Un paquet d’illusions

Il faut le dire • Cette semaine, la commission fiscale du Grand Conseil genevois s’est mise d’accord sur une révision de la réforme cantonale de l’imposition des entreprises (RFFA).

Cette semaine, la commission fiscale du Grand Conseil genevois s’est mise d’accord sur une révision de la réforme cantonale de l’imposition des entreprises (RFFA). Reprenant le projet du gouvernement et de Nathalie Fontanet, les membres de cette commission ont décidé d’augmenter de deux pour mille le taux d’imposition des bénéfices des grandes entreprises, par rapport au niveau prévu par le Conseil d’Etat, en la faisant passer de 13,79% à 13,99%. Selon Romain de Sainte-Marie, député PS et membre de cette commission, ce nouveau taux permettra de diminuer les pertes fiscales de 350 millions de francs à 186 au niveau cantonal et de 85 millions à 46 millions pour les communes.

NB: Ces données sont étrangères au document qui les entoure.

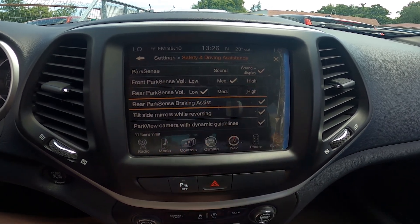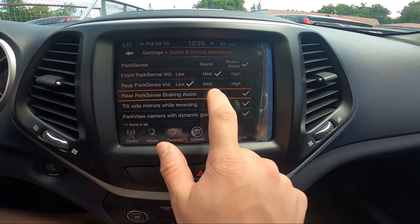Then you can enable or disable rear ParkSense braking assist.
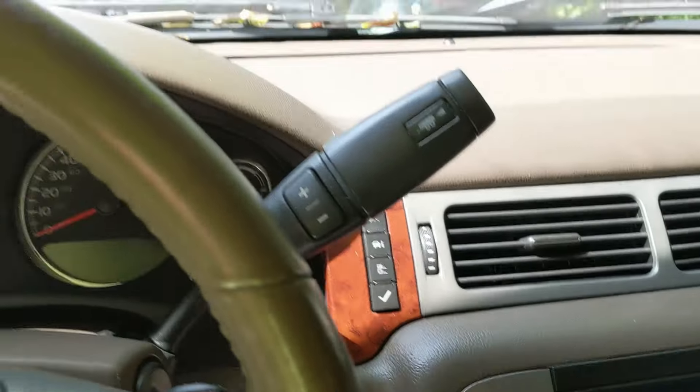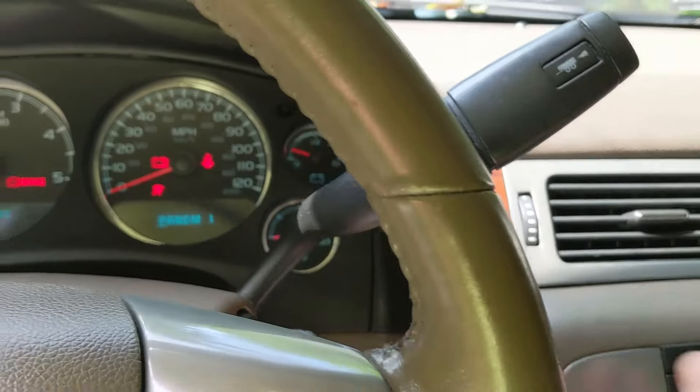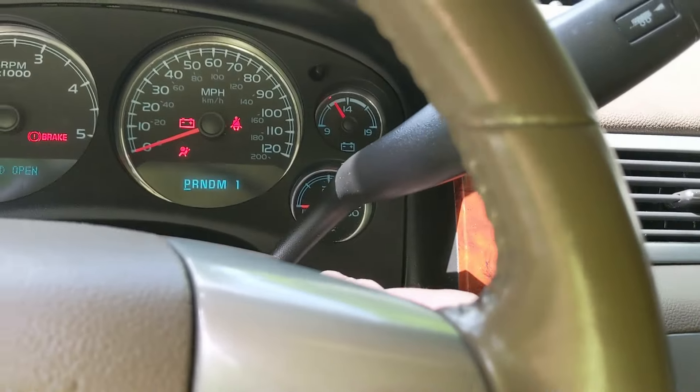Hey, what's going on? PJ 437 Motorsports. This quick video is going to show how to reset your oil life on your GMC Sierra and GM Silverados. You're going to get in, turn your key all the way to the on position right before you crank it.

De plus, selon le modèle vaudois déjà approuvé, des compensations sociales seront mises en place. Une augmentation de 186 millions de francs des subsides d’assurance maladie et une aide supplémentaire de18 millions pour la petite enfance sont prévues. Une levée du frein au déficit sur huit ans, initialement combattue par la droite, est inscrite au programme.

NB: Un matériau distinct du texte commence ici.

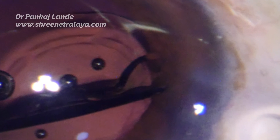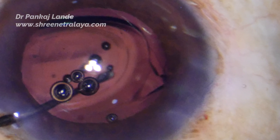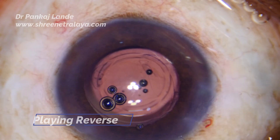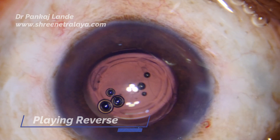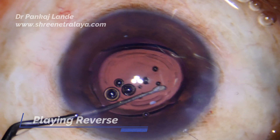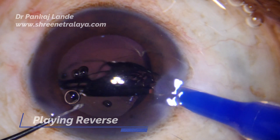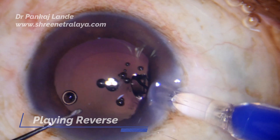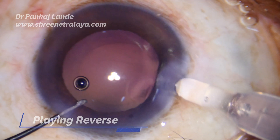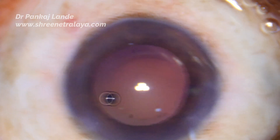To tackle such a situation you always need an instrument which can manage cutting the IOL into multiple pieces and then removing it with ease. There are many mechanical instruments and IOL cutting scissors available in the industry. Playing back the video in reverse, we can note the silicone tip has stuck the IOL trailing haptic and it is broken. IOL exchange is the only option. This is the IOL cutting device.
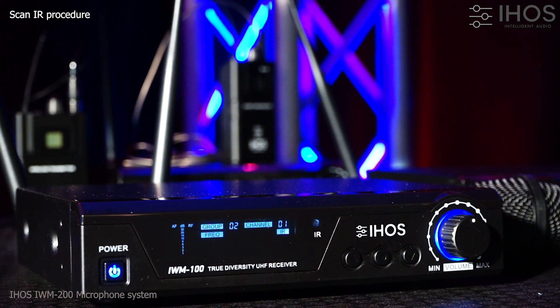Incorporates diversity reception, ensuring a consistent and clear microphone signal with minimal dropout and noise interference.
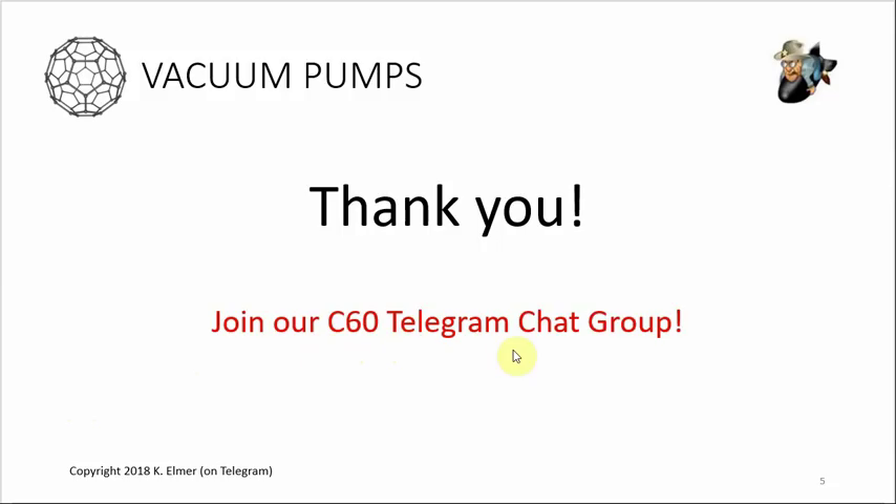If you haven't already, join our C60 Telegram chat group. It's a group of folks who make C60 oil - some are readers and sellers, some like me just make it for themselves and loved ones. There are different chat rooms: one full of testimonials, and another where a group of guys decided to build an arc reactor and start making C60 from scratch - they're talking about building reactors. You're more than welcome to join, ask questions, and we're all friendly. Thank you so much and have a great day - Aloha!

Le nouveau paquet, qui servira aussi de contre-projet à l’initiative socialiste pour plafonner les primes d’assurance à 10% du revenu des ménages, a été ratifié par le PS et la droite unanime (PLR, PDC, MCG et UDC). Les Verts se sont abstenus, tandis qu’Ensemble à Gauche (EàG) a refusé le deal. Il sera désormais discuté au parlement dès janvier 2019, avec de fortes chances d’être adopté.

Reste que cette nouvelle usine à gaz culbute allégrement l’initiative Zéro Pertes, déposée au printemps par l’Alternative (PS, Les Verts, EàG) et les syndicats, qui défend le maintien des recettes fiscales actuelles pour les collectivités publiques et critique la concurrence fiscale intercantonale. Sans prendre position, la CGAS a déjà fait savoir son étonnement face à ce compromis, qui va grever les budgets publics et sera répercuté, par la force des choses, sur le personnel des services publics et sur la population.

Quid des communes, qui vont, malgré tout, essuyer des pertes de rentrées fiscales? Dans le Canton de Vaud, ce sont elles qui aujourd’hui tirent la sonnette d’alarme face à des graves lacunes budgétaires, entraînant des hausses d’impôts, deux ans et demi après le vote sur la réforme cantonale. Un avertissement à prendre au sérieux.